As the boarding time approached, we were taken to a small room to wait, but the plane had not arrived. It was chilly outside, but the room was exceptionally hot. We waited for about 40 minutes before we were finally able to board. The small propeller plane could hold around 20 people, similar to those flying from Athens to the Greek islands. The flight was over four hours long, and from the map, it seemed that Ilulissat was very close to Canada. If there were direct flights from Canada or the East Coast of the United States, it would have saved a lot of time.
Take a look at the place when the plane is about to land!
We stayed at Hotel Icefiord, which may not be as highly rated as Hotel Arctic, but it is closer to several famous hiking trails in Ilulissat and is also close to shops and restaurants in town, so we felt it was a better choice. The hotel sent a car to pick us up, and even before we entered the hotel, I couldn’t wait to take a few photos behind the hotel.
It was already past lunchtime, but the hotel restaurant still had a small selection of dishes available. While waiting for the food, I went for a walk around the area. One of the characteristic features of guesthouses in Greenland are the brightly colored small houses. As I walked south from the hotel, I saw many of these houses built along the coast, and I took a photo of one of them by the roadside. In the foreground were wildflowers, while in the distance there were icebergs floating in the bay.
It was unexpected that the food options at the hotel was quite nice. One set included fried cod and shrimp, while the other had smoked fish, lamb, and deer meat. Holding a glass of wine, walking along the wooden walkway outside the door, we could go all the way to the cliff by the sea. Although the sea breeze was chilly, the sunshine felt warm on our skin, and the boundless beautiful scenery was right in front of us.
Ilulissat is located on the west coast of Greenland and, while not the capital, it is the most famous city in Greenland. This is mainly due to the nearby icefjord being designated a UNESCO World Heritage site in 2004. Ilulissat means “icebergs” in Greenlandic. Humans have inhabited Ilulissat for over 4,000 years, relying on fishing and hunting for their livelihoods. In recent decades, tourism has gradually become the main industry in the area.

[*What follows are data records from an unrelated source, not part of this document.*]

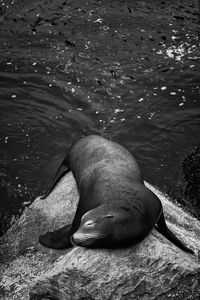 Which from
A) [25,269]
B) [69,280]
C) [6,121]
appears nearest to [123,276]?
[69,280]

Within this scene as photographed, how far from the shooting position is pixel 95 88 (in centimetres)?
1041

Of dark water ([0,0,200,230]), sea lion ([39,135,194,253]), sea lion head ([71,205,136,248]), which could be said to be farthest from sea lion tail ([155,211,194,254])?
dark water ([0,0,200,230])

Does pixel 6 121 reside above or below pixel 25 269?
below

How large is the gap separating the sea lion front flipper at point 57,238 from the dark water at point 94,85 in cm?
179

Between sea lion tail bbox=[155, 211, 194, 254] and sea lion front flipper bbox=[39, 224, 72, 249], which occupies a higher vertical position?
sea lion tail bbox=[155, 211, 194, 254]

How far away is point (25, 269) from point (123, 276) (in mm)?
1572

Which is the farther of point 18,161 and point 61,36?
point 61,36

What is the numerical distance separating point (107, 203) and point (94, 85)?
20.1ft

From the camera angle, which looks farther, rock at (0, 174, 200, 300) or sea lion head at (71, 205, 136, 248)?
sea lion head at (71, 205, 136, 248)

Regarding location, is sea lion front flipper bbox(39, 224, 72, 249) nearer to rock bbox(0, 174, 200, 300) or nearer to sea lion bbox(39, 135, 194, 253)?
sea lion bbox(39, 135, 194, 253)

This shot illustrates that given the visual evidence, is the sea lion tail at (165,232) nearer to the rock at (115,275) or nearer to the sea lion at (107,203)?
the sea lion at (107,203)

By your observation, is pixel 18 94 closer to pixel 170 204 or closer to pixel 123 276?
pixel 170 204

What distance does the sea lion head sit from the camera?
14.2 ft

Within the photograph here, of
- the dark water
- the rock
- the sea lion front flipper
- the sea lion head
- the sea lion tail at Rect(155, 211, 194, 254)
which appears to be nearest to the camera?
the rock
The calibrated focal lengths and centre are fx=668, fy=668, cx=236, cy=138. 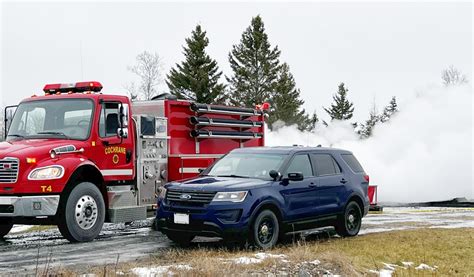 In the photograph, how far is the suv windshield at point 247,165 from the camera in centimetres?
1168

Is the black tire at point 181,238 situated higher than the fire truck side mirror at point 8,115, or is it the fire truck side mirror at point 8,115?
the fire truck side mirror at point 8,115

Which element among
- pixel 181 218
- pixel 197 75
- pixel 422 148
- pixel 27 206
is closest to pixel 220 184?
pixel 181 218

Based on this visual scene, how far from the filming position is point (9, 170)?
36.3ft

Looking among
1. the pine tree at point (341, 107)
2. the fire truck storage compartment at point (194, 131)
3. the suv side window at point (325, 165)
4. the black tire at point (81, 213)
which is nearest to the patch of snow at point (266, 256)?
the suv side window at point (325, 165)

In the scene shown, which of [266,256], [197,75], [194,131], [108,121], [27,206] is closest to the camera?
[266,256]

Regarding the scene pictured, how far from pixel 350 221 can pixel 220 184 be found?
3436mm

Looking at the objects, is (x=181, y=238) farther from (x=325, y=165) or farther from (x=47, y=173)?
(x=325, y=165)

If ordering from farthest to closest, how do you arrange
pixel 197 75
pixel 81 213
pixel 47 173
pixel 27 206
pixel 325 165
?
pixel 197 75 < pixel 325 165 < pixel 81 213 < pixel 47 173 < pixel 27 206

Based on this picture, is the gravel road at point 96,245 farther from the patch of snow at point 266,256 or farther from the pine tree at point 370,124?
the pine tree at point 370,124

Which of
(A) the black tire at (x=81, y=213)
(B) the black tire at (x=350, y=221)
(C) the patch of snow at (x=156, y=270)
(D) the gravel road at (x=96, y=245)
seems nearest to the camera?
(C) the patch of snow at (x=156, y=270)

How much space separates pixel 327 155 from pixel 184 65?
38.1 metres

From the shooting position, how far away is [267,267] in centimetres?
892

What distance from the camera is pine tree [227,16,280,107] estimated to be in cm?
5517

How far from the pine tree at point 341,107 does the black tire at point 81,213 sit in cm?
6396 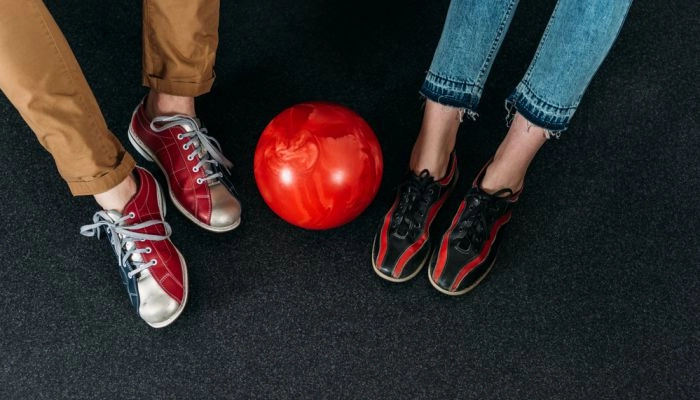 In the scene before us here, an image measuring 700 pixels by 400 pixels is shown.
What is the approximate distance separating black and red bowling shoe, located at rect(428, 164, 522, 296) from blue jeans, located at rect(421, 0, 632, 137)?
0.75ft

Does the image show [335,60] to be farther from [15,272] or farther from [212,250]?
[15,272]

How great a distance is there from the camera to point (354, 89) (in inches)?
66.6

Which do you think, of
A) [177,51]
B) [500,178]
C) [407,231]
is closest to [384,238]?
[407,231]

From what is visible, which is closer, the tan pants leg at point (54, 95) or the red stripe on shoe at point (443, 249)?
the tan pants leg at point (54, 95)

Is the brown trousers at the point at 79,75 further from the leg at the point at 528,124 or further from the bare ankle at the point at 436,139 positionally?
the leg at the point at 528,124

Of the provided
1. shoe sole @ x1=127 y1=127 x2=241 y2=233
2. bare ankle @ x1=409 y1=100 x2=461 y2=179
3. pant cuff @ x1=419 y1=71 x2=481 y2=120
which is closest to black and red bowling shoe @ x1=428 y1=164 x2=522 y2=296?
bare ankle @ x1=409 y1=100 x2=461 y2=179

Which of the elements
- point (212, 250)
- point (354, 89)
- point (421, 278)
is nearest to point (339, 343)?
point (421, 278)

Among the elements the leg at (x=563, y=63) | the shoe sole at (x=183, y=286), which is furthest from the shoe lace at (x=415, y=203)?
the shoe sole at (x=183, y=286)

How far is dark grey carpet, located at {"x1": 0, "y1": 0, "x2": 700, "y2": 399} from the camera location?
1335 millimetres

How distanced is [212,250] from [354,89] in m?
0.60

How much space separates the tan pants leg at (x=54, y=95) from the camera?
1.00m

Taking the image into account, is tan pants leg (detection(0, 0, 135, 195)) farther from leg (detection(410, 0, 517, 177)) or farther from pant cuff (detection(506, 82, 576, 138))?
pant cuff (detection(506, 82, 576, 138))

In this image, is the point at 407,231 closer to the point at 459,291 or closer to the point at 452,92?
the point at 459,291

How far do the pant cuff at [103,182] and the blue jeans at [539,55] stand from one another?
66 centimetres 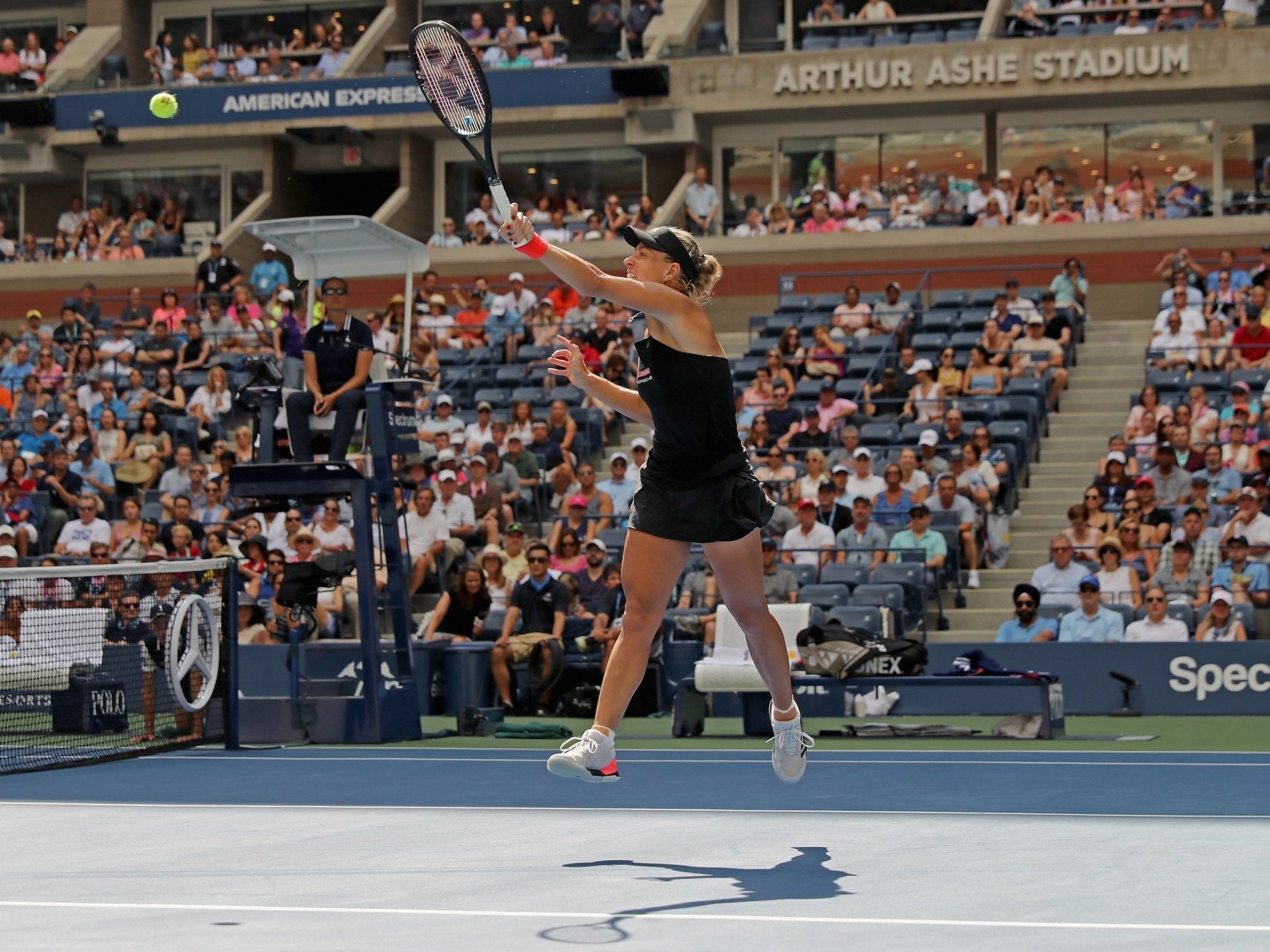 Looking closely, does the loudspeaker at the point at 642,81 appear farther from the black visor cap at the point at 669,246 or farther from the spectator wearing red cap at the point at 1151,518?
the black visor cap at the point at 669,246

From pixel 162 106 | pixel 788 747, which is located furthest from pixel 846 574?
pixel 788 747

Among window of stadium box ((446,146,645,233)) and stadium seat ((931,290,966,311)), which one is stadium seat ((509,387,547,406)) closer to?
stadium seat ((931,290,966,311))

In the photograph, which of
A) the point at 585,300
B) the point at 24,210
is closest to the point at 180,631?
the point at 585,300

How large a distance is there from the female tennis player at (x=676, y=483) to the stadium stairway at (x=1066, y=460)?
33.6ft

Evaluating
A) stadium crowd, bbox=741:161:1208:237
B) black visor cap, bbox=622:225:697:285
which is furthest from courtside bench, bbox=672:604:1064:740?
stadium crowd, bbox=741:161:1208:237

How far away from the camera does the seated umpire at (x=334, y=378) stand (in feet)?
40.8

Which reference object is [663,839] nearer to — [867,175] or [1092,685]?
[1092,685]

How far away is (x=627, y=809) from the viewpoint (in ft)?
24.8

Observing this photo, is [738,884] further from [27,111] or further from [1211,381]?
[27,111]

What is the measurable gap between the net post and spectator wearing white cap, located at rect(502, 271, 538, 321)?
13.5 m

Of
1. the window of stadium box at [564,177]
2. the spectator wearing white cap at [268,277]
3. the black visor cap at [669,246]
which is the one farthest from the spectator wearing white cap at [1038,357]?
the black visor cap at [669,246]

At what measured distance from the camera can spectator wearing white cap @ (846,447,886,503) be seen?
59.2 feet

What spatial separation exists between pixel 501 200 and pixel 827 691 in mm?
7768

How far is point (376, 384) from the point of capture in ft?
40.5
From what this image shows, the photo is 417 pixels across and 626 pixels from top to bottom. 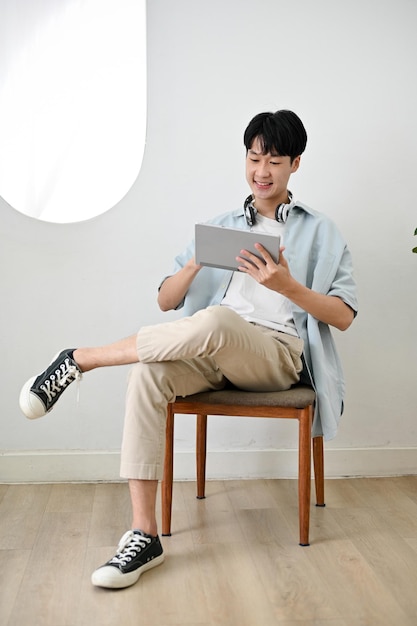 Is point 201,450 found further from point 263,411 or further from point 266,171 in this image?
point 266,171

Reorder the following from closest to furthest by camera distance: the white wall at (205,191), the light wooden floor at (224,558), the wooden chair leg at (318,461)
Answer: the light wooden floor at (224,558), the wooden chair leg at (318,461), the white wall at (205,191)

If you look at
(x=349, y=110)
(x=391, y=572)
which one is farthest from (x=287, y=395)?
(x=349, y=110)

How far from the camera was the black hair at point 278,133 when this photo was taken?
8.21 feet

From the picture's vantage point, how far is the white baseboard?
116 inches

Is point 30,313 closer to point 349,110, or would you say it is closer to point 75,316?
point 75,316

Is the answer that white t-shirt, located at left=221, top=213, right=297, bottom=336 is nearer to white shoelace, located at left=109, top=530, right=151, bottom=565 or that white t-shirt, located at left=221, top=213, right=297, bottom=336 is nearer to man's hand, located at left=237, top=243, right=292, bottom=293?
man's hand, located at left=237, top=243, right=292, bottom=293

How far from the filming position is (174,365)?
225 cm

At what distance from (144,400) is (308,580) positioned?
65 cm

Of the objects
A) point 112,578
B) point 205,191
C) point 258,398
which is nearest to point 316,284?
point 258,398

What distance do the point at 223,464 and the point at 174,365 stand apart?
3.01ft

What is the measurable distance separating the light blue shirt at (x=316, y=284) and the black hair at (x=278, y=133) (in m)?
0.21

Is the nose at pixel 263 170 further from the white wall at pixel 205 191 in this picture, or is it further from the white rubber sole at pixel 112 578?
the white rubber sole at pixel 112 578

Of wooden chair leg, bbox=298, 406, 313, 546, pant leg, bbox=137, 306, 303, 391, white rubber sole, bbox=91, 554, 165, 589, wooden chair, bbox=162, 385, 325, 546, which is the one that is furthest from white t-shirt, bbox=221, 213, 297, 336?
white rubber sole, bbox=91, 554, 165, 589

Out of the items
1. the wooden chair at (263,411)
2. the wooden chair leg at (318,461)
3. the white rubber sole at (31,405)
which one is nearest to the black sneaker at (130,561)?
the wooden chair at (263,411) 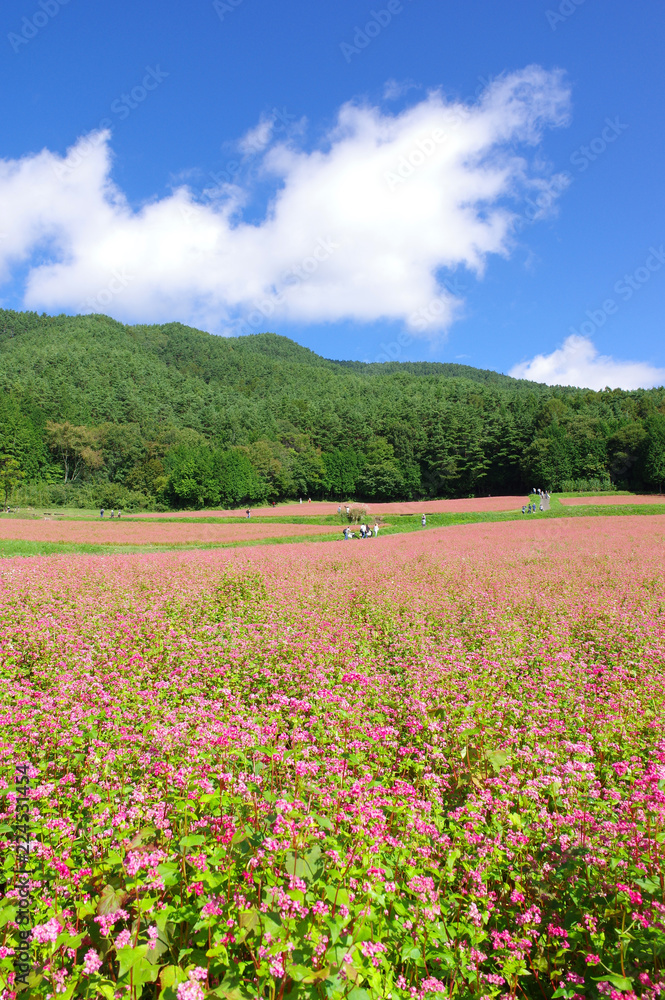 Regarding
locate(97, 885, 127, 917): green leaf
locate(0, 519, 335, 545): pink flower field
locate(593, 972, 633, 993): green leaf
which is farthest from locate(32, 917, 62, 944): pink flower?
locate(0, 519, 335, 545): pink flower field

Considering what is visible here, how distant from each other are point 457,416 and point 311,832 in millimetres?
105318

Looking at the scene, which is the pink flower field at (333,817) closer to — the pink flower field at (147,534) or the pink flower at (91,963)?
the pink flower at (91,963)

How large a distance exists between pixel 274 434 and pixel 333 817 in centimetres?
10854

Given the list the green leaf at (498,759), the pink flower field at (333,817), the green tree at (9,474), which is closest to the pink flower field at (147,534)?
the pink flower field at (333,817)

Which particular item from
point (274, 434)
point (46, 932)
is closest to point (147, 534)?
point (46, 932)

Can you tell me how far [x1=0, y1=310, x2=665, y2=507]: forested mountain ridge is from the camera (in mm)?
82812

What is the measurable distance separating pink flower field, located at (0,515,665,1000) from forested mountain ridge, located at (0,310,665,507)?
76794 millimetres

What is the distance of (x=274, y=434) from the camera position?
359ft

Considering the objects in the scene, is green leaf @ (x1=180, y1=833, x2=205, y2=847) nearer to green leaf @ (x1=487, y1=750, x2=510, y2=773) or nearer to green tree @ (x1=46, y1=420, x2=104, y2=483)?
green leaf @ (x1=487, y1=750, x2=510, y2=773)

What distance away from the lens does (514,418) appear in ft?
305

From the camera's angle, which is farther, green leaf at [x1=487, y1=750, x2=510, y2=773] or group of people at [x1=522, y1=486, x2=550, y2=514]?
group of people at [x1=522, y1=486, x2=550, y2=514]

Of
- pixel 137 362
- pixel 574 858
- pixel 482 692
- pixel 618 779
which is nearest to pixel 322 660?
pixel 482 692

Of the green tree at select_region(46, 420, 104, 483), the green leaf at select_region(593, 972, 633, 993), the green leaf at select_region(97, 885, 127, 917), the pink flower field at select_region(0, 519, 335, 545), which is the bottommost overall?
the pink flower field at select_region(0, 519, 335, 545)

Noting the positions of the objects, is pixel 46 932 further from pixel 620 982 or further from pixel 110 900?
pixel 620 982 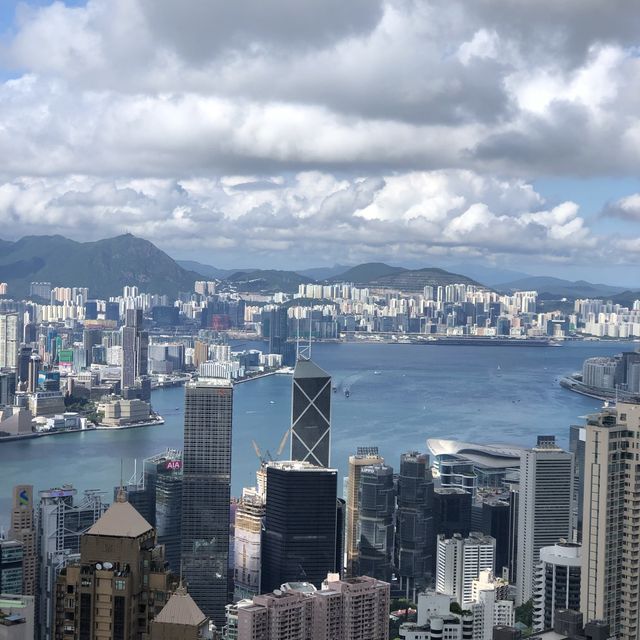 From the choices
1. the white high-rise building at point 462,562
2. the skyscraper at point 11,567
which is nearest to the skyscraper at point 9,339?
the white high-rise building at point 462,562

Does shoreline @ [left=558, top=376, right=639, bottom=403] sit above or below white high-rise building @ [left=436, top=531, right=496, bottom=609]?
above

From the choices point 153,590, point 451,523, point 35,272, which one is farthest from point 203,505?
point 35,272

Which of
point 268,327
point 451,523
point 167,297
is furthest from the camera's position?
point 167,297

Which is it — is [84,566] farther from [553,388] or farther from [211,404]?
[553,388]

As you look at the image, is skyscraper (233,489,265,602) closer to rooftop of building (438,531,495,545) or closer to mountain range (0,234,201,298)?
rooftop of building (438,531,495,545)

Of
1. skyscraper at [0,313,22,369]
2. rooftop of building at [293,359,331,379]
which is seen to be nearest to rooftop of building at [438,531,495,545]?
rooftop of building at [293,359,331,379]

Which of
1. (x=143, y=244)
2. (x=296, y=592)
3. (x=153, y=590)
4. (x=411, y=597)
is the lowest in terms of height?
(x=411, y=597)

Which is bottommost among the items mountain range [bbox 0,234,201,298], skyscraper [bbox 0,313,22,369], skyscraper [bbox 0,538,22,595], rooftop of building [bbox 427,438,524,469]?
skyscraper [bbox 0,538,22,595] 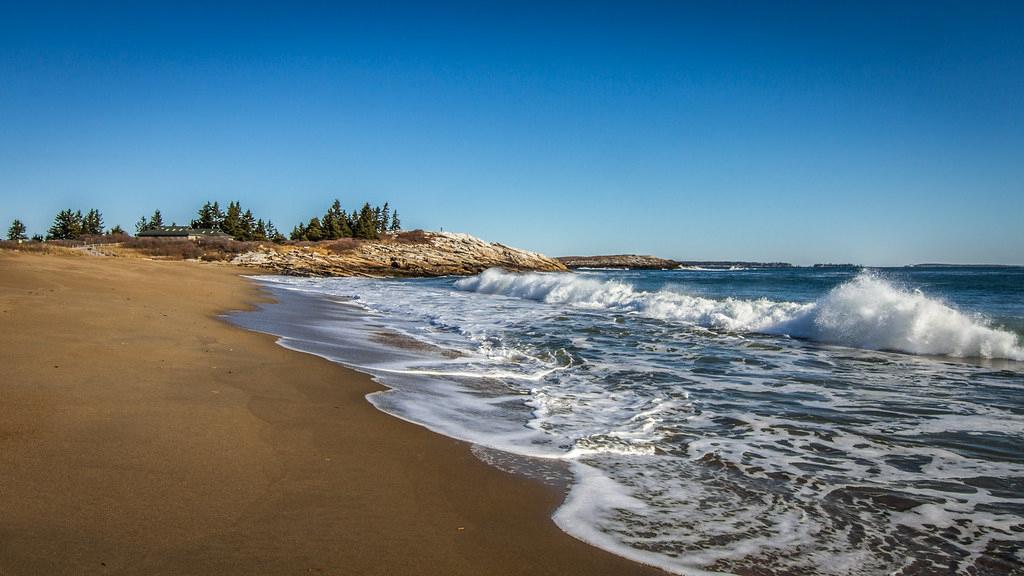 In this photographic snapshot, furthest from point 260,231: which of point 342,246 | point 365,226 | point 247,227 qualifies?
point 342,246

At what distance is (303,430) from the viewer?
4.33 m

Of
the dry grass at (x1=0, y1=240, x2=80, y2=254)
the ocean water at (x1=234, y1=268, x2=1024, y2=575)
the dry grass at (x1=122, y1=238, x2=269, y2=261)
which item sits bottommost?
the ocean water at (x1=234, y1=268, x2=1024, y2=575)

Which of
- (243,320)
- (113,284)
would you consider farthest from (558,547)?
(113,284)

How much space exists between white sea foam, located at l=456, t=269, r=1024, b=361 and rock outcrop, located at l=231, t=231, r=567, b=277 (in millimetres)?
47269

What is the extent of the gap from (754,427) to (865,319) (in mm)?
8905

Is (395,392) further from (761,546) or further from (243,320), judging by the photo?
(243,320)

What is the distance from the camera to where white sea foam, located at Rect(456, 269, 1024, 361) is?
33.7ft

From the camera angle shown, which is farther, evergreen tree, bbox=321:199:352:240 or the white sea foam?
evergreen tree, bbox=321:199:352:240

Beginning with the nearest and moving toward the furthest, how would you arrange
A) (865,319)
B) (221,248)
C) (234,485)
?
1. (234,485)
2. (865,319)
3. (221,248)

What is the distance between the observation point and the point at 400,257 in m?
72.4

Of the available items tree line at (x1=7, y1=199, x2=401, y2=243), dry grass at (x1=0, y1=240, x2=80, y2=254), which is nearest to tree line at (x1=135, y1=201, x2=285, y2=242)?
tree line at (x1=7, y1=199, x2=401, y2=243)

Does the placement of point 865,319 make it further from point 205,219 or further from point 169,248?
point 205,219

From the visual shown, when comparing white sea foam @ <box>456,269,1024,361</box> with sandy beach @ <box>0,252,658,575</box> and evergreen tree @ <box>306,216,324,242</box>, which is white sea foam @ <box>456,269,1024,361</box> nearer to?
sandy beach @ <box>0,252,658,575</box>

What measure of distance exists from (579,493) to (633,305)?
1707 centimetres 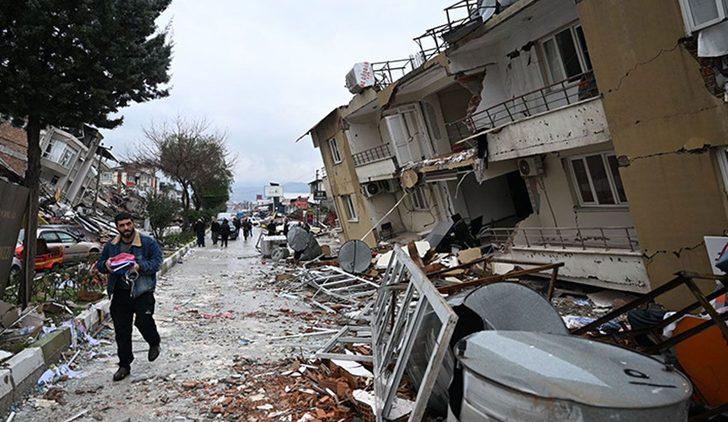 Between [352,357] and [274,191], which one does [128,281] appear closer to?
[352,357]

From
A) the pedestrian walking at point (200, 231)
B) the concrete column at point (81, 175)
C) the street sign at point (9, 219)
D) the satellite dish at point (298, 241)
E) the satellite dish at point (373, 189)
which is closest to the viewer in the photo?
the street sign at point (9, 219)

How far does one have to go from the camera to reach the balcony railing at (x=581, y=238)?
7469mm

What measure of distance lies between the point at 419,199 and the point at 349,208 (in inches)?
208

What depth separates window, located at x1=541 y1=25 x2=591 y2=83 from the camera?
8102 millimetres

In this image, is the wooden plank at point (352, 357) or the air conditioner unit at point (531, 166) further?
the air conditioner unit at point (531, 166)

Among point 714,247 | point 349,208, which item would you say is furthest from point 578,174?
point 349,208

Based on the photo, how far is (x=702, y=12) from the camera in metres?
5.38

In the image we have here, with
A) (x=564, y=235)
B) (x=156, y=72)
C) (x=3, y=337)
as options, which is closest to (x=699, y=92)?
(x=564, y=235)

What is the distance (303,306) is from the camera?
8578 millimetres

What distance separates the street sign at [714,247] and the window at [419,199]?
10645mm

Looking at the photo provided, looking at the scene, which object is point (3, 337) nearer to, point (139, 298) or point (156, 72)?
point (139, 298)

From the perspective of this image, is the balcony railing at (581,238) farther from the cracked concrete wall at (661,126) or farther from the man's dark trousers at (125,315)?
the man's dark trousers at (125,315)

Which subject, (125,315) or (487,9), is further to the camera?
(487,9)

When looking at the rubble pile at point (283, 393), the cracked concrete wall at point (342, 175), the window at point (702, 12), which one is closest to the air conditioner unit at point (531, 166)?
the window at point (702, 12)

In the afternoon, we took a walk along the sea on one side of the small town. Ilulissat is located at the deepest point of Disko Bay. There are many small towns around Disko Bay, some of which may only be called settlements, and residents travel between these cities by boat. Once out of the city, there are no roads between the cities of Greenland. There is a Zion Church facing the bay. The church was built in 1779 and is one of the oldest churches in Greenland, and also the most photogenic place in Ilulissat. In addition, we visited a small museum near the church.
It is late June, the warmest season in Ilulissat, and the city is full of wildflowers in various colors, mostly red, yellow, and white. The most striking one is the cotton grass, also known as the Cotton Grass. Its flower is a white fluffy ball, mainly grown in the cold regions of the Northern Hemisphere, and grows low in clusters, making it quite distinctive.
The dinner at the hotel was very sumptuous, with fresh and beautifully cooked seafood. However, the day’s activities were not over yet. Ilulissat is located 300 kilometers inside the Arctic Circle, and at the end of June, it is the polar day in the northern hemisphere, with no sunset. Our tour has just begun.